Writing a Python Library for the Atto Node API
I recently wrote a Python wrapper for the Atto Node API (GitHub), and I wanted to share my journey—from figuring out how to convert Atto addresses, to designing around Python’s async model, to publishing a usable API wrapper. Hopefully, this helps someone else who's either interested in Atto or wants to see what writing an API wrapper looks like from a beginner's perspective.
🚀 Why I Started
At the time, there were no Python API wrappers available for Atto. The only libraries available targeted JS/WASM, used only by the wallet, and Kotlin.
I wanted to play around with the API, but to do that, I needed to convert an Atto public key (a base32-encoded string) into a hex string, which the API expects. I wrote some code for this in Python, the journey of which I'll expand on below.
Using curl and copying and pasting addresses to make requests was getting
tedious, so I switched to using Python for that too.
At some point, I realized: “I’m already halfway to an API wrapper. Why not
finish it?”. There weren’t that many endpoints, so it seemed like a manageable
project.
As a student, this felt like a fun way to procrastinate from real work™.
🧠 Reverse Engineering the Address Format
I started by figuring out how the Atto address (e.g., atto://...) becomes a
public key that the API understands.
After poking around the Atto org on GitHub, I found this bit of Kotlin:
private fun String.fromAddress(): ByteArray {
return Base32.decode(this.substring(SCHEMA.length).uppercase() + "===")
}
This seemed straightforward. So, I implemented the decoding part in Python:
import base64
# Should not include the schema (atto://)
address = '<address>'
address_bytes = base64.b32decode(address.upper() + '===')
for byte in address_bytes:
print(format(byte, '02X'), end='')
But my curl requests were failing. Comparing my output with a network request from the actual wallet, I noticed extra bytes in my output.
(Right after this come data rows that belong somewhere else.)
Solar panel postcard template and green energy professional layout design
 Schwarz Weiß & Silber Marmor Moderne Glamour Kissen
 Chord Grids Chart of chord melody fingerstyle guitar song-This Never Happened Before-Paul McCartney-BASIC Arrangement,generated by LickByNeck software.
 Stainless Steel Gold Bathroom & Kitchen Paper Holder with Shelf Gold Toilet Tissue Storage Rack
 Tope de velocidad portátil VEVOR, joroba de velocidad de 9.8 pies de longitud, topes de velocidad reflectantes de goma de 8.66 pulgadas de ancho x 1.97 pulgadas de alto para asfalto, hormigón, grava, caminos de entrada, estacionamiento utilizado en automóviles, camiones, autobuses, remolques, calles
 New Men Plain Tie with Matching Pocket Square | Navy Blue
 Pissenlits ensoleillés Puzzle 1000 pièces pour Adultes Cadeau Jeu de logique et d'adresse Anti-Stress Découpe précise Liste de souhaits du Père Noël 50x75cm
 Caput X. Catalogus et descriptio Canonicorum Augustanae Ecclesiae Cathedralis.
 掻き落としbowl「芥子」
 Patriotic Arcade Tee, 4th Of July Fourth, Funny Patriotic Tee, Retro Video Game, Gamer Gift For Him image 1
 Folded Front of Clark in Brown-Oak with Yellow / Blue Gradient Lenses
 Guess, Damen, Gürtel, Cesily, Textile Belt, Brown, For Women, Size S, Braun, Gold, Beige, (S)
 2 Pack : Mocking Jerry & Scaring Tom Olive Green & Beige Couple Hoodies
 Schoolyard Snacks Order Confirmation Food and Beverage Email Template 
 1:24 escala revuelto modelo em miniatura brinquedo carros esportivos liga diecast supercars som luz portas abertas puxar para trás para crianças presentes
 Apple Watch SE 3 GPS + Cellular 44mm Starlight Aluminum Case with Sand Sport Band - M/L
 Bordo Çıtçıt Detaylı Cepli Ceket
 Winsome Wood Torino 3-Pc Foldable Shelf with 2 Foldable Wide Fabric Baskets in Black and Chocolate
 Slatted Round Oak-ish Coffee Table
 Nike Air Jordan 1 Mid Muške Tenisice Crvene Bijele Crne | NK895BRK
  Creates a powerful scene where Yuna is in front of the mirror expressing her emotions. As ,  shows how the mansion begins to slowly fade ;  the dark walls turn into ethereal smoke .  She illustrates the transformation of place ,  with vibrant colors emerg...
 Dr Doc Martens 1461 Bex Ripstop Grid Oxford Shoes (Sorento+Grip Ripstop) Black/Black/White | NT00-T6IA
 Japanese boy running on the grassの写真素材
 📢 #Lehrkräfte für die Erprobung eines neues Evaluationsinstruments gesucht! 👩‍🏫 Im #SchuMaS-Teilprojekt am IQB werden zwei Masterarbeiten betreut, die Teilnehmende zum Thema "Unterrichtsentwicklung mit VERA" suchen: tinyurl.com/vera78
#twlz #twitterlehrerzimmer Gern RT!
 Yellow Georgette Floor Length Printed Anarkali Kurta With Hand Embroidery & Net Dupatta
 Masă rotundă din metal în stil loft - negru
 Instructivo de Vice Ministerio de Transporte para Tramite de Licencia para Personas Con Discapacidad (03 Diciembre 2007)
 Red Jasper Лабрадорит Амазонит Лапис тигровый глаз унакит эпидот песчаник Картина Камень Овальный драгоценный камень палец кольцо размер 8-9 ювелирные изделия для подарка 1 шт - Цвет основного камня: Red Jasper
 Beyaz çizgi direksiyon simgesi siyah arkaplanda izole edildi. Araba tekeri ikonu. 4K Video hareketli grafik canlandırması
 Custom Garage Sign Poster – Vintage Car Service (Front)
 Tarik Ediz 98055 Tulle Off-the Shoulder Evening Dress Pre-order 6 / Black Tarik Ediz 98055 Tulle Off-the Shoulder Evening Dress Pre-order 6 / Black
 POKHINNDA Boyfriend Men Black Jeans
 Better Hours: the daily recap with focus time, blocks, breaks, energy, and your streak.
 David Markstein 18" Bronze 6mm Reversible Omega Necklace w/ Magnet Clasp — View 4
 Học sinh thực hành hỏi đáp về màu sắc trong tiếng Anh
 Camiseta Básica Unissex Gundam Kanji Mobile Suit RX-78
With Rotilho (the creator of Atto)'s help, we tracked it down:
- The first byte is the version.
- The last 5 bytes are a checksum.
These are only needed for human-readable addresses, and the API doesn't want them. So I just sliced them off:
for byte in address_bytes[1:-5]:
# ^^^^^^
print(format(byte, '02X'), end='')
Clean hex output, and the API was happy.
🧪 Curl Fatigue and First Scripts
I initially used curl for quick API checks, but copying and pasting addresses
and typing out endpoints repeatedly got old, fast. So I wrote a script in
Python to make it easier.
Eventually, I wanted something cleaner and more structured—a proper API wrapper.